Astoria is cool — but hopefully not too cool.
ASTORIA, Queens, New York City- I need to set the scene:
Around the corner from me is Ruby’s Candy and Grocery. It sits next to Jack’s Shoe Repair. Another door down is Amber’s Barbershop, which is located right next to Angela’s Wine & Spirits. Lloyd works at the Duane Reade at the end of my street. A block from there Andrew fixes my broken phones and tablets. Antonio owns the discount household goods shop.
This is a place where people have names — it’s an urban neighborhood that hasn’t lost its essence. There are people in the streets, most of the shops and cafes are unique and many have the owners working in them or are at least locally owned.
The place is diverse: 49% white (Greeks and Eastern Europeans, mostly), 25% hispanic, 15% Asian, 5% black, and something like 7 Pacific Islanders and an Eskimo. You walk down the streets here and hear a half dozen different languages. There are foods from everywhere made by people who are really from there.
There are also cheap dive bars and cafes on every block — which gives the place a hip kind of feel and keeps people in the streets. There’s a speakeasy-like bar around the corner that doesn’t have a sign that I only know about because some girl wrote the address down on a napkin for me and another speakeasy that’s behind the facade of a hardware store. There is also NYC’s only beer garden — a giant place, apparently, although I haven’t been there yet.

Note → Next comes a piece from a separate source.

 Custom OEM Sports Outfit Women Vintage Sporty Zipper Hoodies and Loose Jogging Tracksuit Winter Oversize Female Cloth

I’m staying in Astoria, a neighborhood the western flank of Queens which ended up being the New York City that I was looking for when I came to set up a base of operations here a couple of months ago: a place made up of everywhere.
However, change may be near. Just yesterday, Time Out magazine declared Astoria the eight coolest neighborhood in the world:
You could think of Astoria as a more sensible, melting-potty alternative to overdeveloped North Brooklyn – and not just because the rents are way more affordable. From the stretch of Steinway Street lined with Egyptian restaurants and hookah bars to the gorgeous street art at the Welling Court Mural Project and some of the city’s most idiosyncratic museums, it’s got all the diversity, flavour and energy that some people complain you can’t find in New York these days.
Apparently, it’s also the number one neighborhood in NYC that millenials are looking for an apartment in.
When I tell people that I’ve set up a base of operations here they say, “That’s a cool place.” I say, “I know.”
Although I didn’t know before I got here.
As you may remember, I wasn’t exactly looking for cool when I rented an apartment in Astoria — I was actually trying to escape it. To be honest, I just put my finger down on a map of NYC where a north-south Brooklyn bound subway line intersected with an east-west Manhattan bound subway line and said, “There, that’s the place.” It was simple travel logic.
I have no idea what this place is becoming — hopefully, the moneyed locust won’t swarm in and eradicate the very elements that make Astoria a place that people want to be.
The other side is that I’ve set up a base of operations in a place that people actually want to visit. I’ve been showing people around my neighborhood, sharing a place with others. Business associates have come in, my wife’s parents have visited, my parents stayed with us, and last week my best friend from where I grew up was here. It’s a complete role reversal — my entire adult life was spent being shown around places by others. I’m kind of digging repaying the gesture.